- **What needs to be done**:
Retype, with no pictures, each line from the one that holds "TV - CT&Mountain" through the last line of the entries below, both included.

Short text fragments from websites
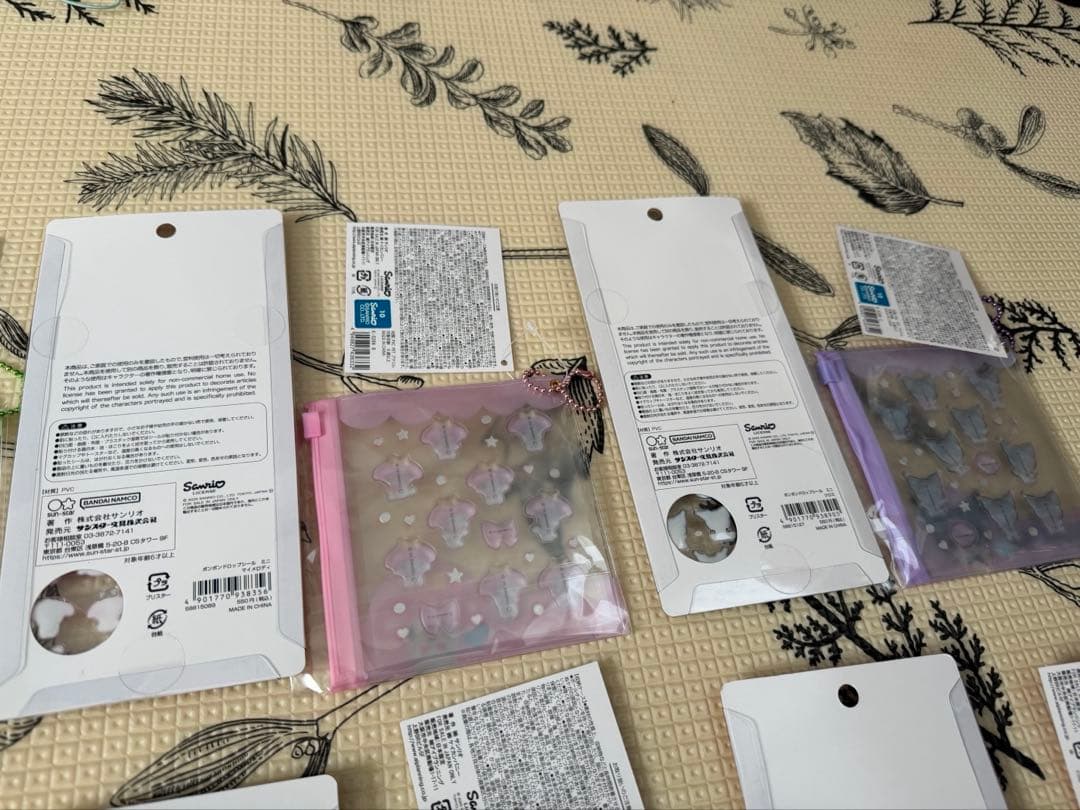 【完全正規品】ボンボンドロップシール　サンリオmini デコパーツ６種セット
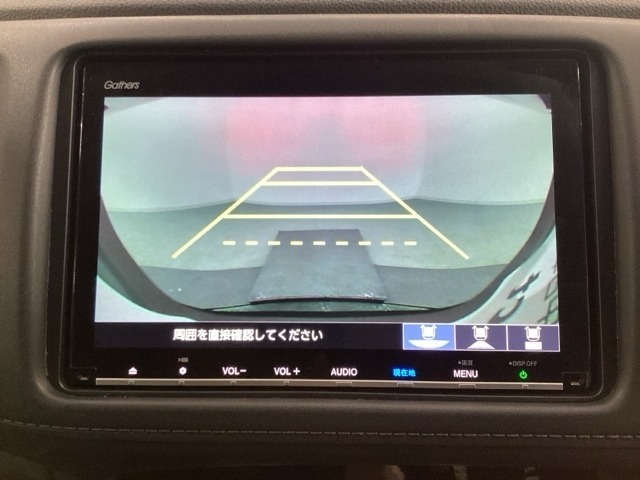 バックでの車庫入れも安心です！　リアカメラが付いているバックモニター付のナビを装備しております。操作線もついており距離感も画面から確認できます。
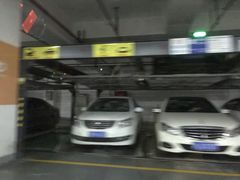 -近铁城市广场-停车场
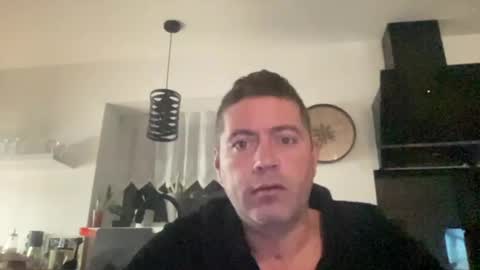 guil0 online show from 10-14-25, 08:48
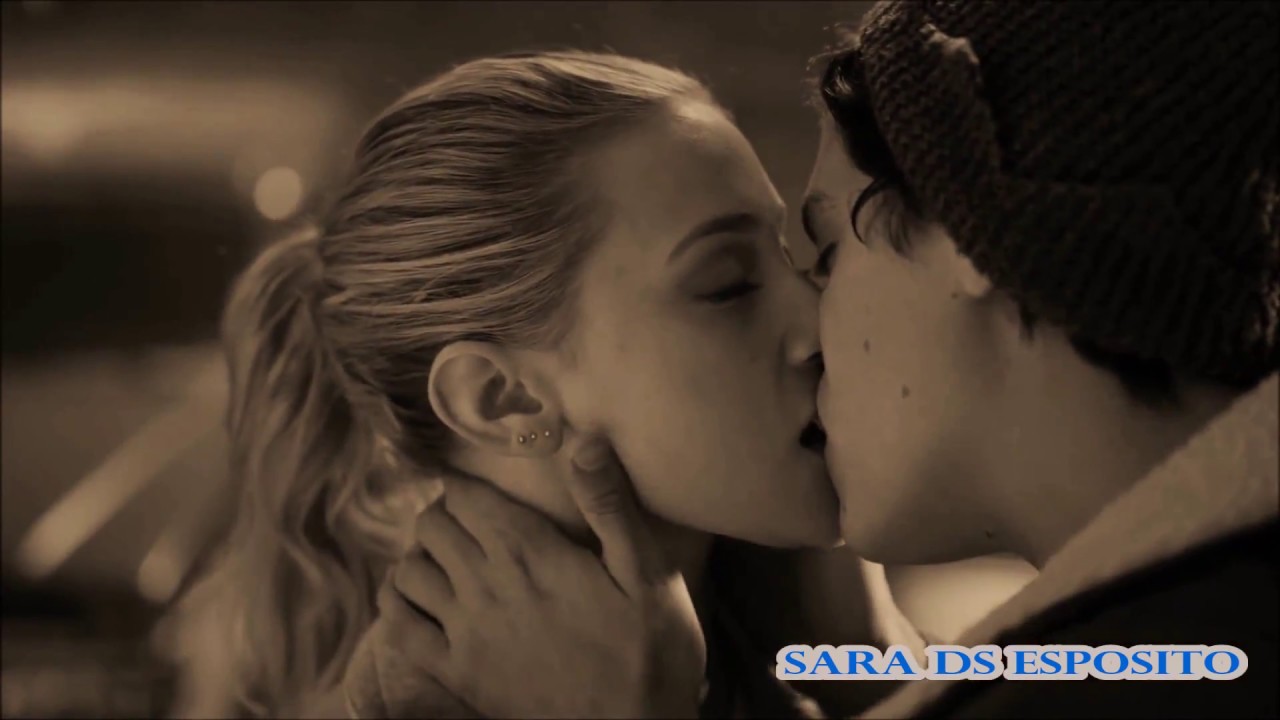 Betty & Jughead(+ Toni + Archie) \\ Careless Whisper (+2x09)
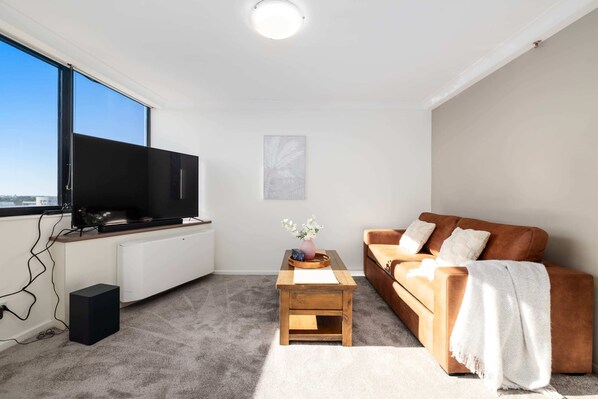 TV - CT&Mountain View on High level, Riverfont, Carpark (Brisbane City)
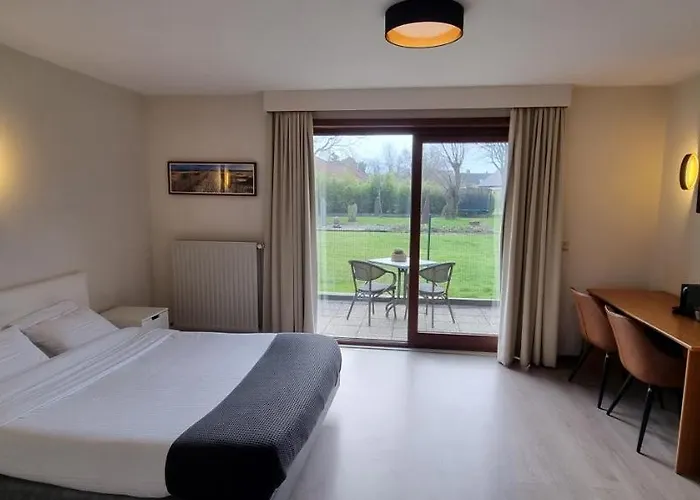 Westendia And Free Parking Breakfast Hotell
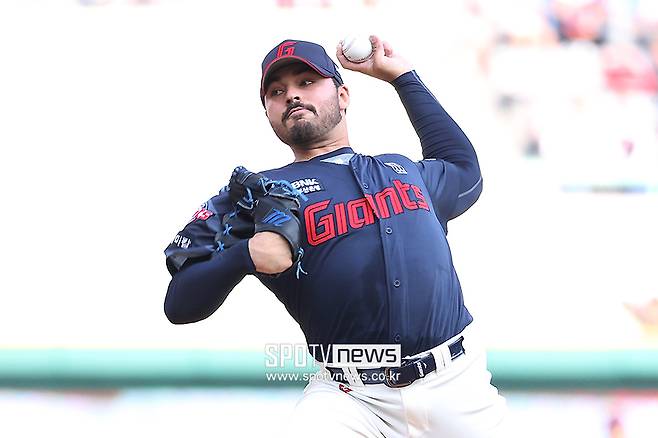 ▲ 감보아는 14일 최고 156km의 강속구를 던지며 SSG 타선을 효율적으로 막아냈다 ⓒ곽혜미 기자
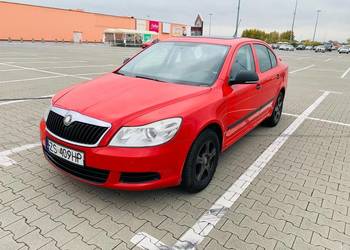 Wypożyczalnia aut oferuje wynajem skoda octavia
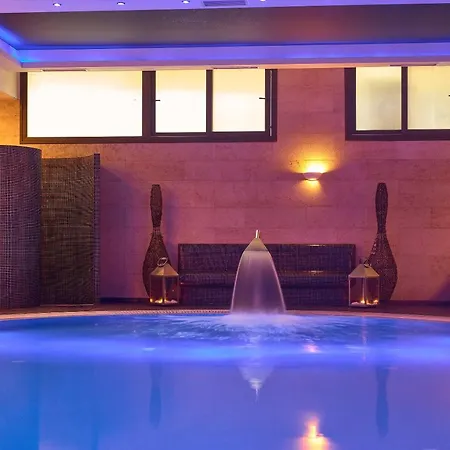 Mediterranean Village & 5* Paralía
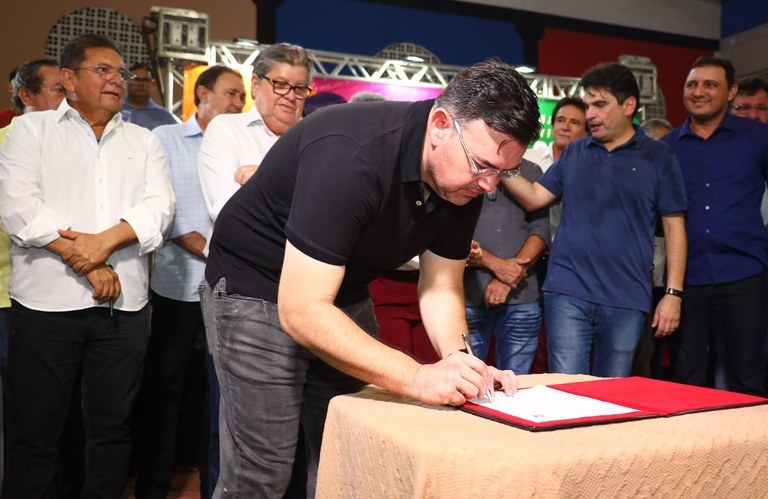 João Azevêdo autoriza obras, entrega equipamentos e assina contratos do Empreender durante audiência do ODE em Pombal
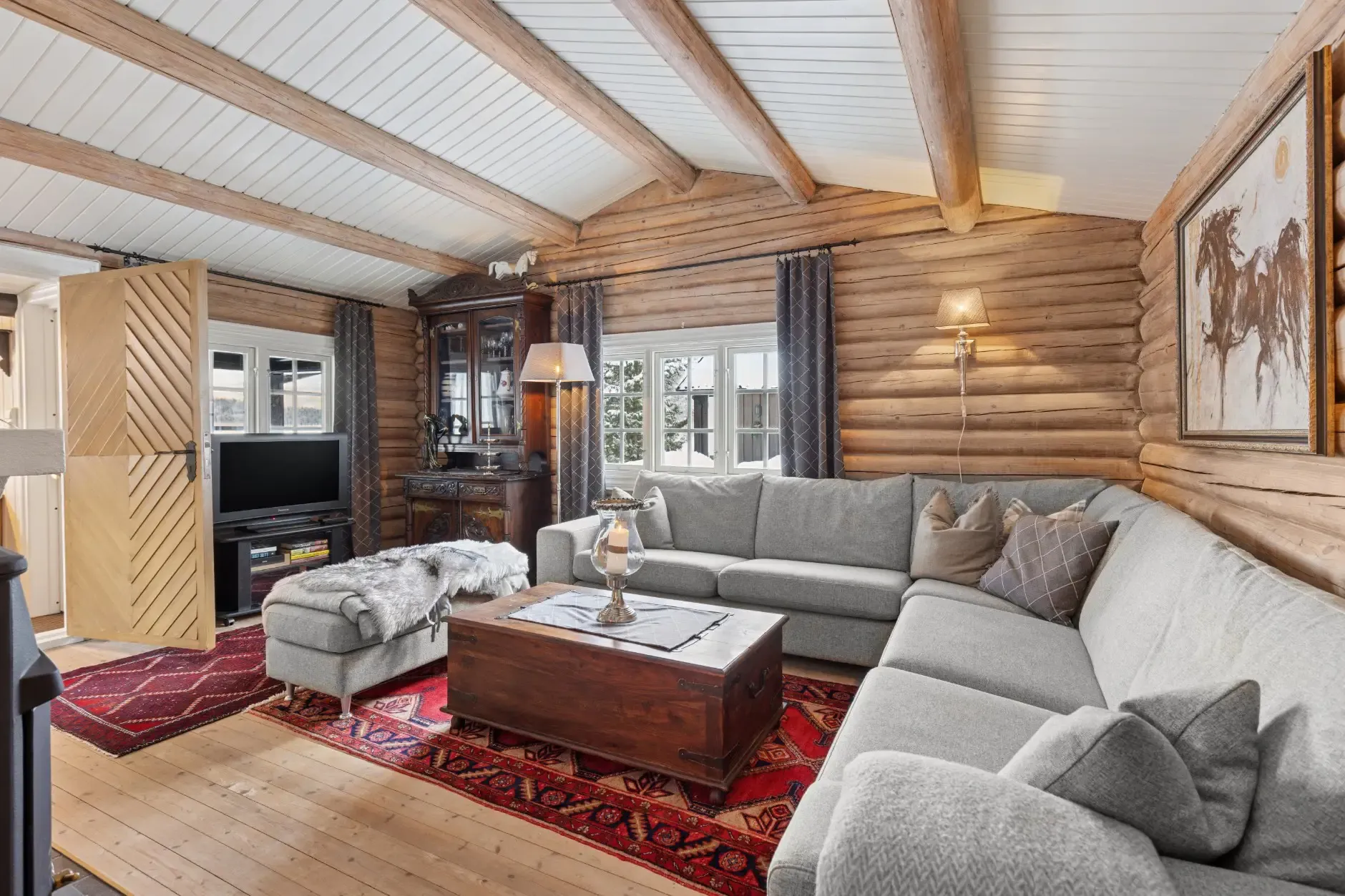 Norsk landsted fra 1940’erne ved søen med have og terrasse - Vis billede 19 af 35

- **Solution to this problem**:
 TV - CT&Mountain View on High level, Riverfont, Carpark (Brisbane City)
 Westendia And Free Parking Breakfast Hotell
 ▲ 감보아는 14일 최고 156km의 강속구를 던지며 SSG 타선을 효율적으로 막아냈다 ⓒ곽혜미 기자
 Wypożyczalnia aut oferuje wynajem skoda octavia
 Mediterranean Village & 5* Paralía
 João Azevêdo autoriza obras, entrega equipamentos e assina contratos do Empreender durante audiência do ODE em Pombal
 Norsk landsted fra 1940’erne ved søen med have og terrasse - Vis billede 19 af 35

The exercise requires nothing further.